An aspect of the present disclosure provides a non-transitory computer-readable storage medium, storing instructions which when executed by a processor of an electronic device, cause the processor to perform the injection attack detection method as described in the aspects of this disclosure.

At least one of the above technical solutions adopted in the aspects of the present disclosure can achieve the following beneficial effects: Considering that there is a difference between the light changes of the target face in the injected video and the light changes of the target face during the period of irradiating the target face, this difference is more obvious in the grayscale value. During the period of irradiating the target face, the target face is photographed to obtain the video to be detected; by identifying the grayscale values of the video frame in the video to be detected and light shining on the target person's face Whether there is a significant difference in the grayscale values of the video can determine whether the acquired video is subjected to an injection attack. The algorithm logic is simpler, stable, and has a high success rate. The grayscale value comparison is easier than the original pixel value comparison and has the advantage of being lightweight. Therefore, the injection attack detection method provided in the embodiment of the present disclosure can be run in real time on a mobile terminal and is suitable for various scenarios such as computer applications (e.g., APP and H5).

Examples of technical solutions and advantages of the present disclosure will be described below in combination with aspects of the present disclosure and the corresponding drawings. The described aspects are only part of the present disclosure, not all of the aspects. Based on the aspects in the present disclosure, other examples fall within the scope of protection of this disclosure.

The terms “first,” “second,” etc., in this disclosure and claims are used to distinguish similar objects and are not used to describe a particular order or priority. It should be understood that the terms used in this way are interchangeable where appropriate, so that the aspects of the present disclosure can be implemented in an order other than those illustrated or described herein. In addition, “and/or” in this specification and claims means at least one of the connected objects. The objects before and after the character “/” are in an “and” or an “or” relationship. The use of “at least one of” or “one of” in the disclosure is intended to include any one or a combination of the recited elements. For example, references to at least one of A, B, or C; at least one of A, B, and C; at least one of A, B, and/or C; and at least one of A to C are intended to include only A, only B, only C or any combination thereof. References to one of A or B and one of A and B are intended to include A or B or (A and B). The use of “one of” does not preclude any combination of the recited elements when applicable, such as when the elements are not mutually exclusive.

Among the many means of identity fraud, injection attacks are currently more difficult to detect and prevent. Although colorful liveness detection using sequence verification has been a good defense against injection attacks, the design of most injection attack algorithms currently requires high computing power and requires the video collected by the front end to be transmitted back to the server for processing. In this way, the injection attack detection process can consume a lot of resources, can have high requirements for the network environment, and security and efficiency can be difficult to guarantee.
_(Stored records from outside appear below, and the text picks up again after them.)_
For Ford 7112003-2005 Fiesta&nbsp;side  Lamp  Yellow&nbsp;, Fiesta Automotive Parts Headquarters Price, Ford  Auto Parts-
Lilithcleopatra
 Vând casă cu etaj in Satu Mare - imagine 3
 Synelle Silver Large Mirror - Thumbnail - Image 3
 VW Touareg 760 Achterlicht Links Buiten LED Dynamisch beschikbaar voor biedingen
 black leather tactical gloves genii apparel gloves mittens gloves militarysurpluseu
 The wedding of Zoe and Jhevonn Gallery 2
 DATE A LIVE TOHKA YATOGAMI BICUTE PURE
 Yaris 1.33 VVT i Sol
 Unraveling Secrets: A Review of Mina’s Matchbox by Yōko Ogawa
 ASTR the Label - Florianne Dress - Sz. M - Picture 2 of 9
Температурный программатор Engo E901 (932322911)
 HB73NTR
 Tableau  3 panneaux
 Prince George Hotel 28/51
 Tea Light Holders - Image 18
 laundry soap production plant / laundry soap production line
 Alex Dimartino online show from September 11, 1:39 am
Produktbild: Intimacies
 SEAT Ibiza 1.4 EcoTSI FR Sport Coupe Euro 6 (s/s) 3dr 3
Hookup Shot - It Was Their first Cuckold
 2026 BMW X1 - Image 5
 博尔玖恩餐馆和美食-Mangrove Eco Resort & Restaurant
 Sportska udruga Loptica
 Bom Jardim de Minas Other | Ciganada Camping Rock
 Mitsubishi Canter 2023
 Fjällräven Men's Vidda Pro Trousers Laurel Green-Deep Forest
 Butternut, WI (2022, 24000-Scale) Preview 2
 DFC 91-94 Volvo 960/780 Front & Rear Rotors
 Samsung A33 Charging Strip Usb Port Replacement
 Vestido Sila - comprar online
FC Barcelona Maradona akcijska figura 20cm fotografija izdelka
A large number of videos that have been subjected to injection attacks were examined and it was found that during the period of irradiating light to the object to be detected, there are differences between the light changes presented by the target face in the video subjected to injection attack and the light changes irradiating the target face, and this difference is more obvious in grayscale.

Based on this, the aspect of the present disclosure proposes a lightweight injection attack detection method, taking into account that during the period of irradiating light to the target face, there is a difference between the light changes presented by the target face in the video subjected to the injection attack and the light changes irradiating the target face, and this difference is more obvious in grayscale. During the period of irradiating light to the target face, the target face is captured (e.g., photographed or recorded) to obtain the video to be detected; by identifying whether there is a significant difference between the grayscale values of the video frame in the video to be detected and the grayscale values of the light irradiating the target face, it can be determined whether the acquired video is subjected to an injection attack. The algorithm logic is simpler, stable, and has a high success rate. The comparison of grayscale values is easier than the comparison of original pixel values and has the advantage of being lightweight. Therefore, the injection attack detection method provided in the aspect of the present disclosure can be run in real time on a mobile terminal and is suitable for various scenarios such as APP and H5.

In addition, in order to enhance the defense capability against injection attacks, a large amount of random space can be generated by randomly combining the RGB value, brightness, and exposure time of the light irradiating the target face, making it difficult for attackers to implement injection attacks through enumeration.

The injection attack detection method provided in the aspect of the present disclosure can be applied to various business scenarios with injection attack detection needs. For example, in a remote identity authentication scenario, after the video to be detected is detected using the injection attack detection method provided in the aspect of the present disclosure, the identity information of the object to be detected is confirmed according to the injection attack detection result. For another example, in an access control scenario, after the video to be detected is detected using the injection attack detection method provided in the aspect of the present disclosure, whether the object to be detected is allowed to enter a specific area is confirmed according to the injection attack detection result. In another example, in a face-swiping payment scenario, after the video to be detected is detected using the injection attack detection method provided in the aspect of the present disclosure, whether to provide payment services is determined according to the injection attack detection result.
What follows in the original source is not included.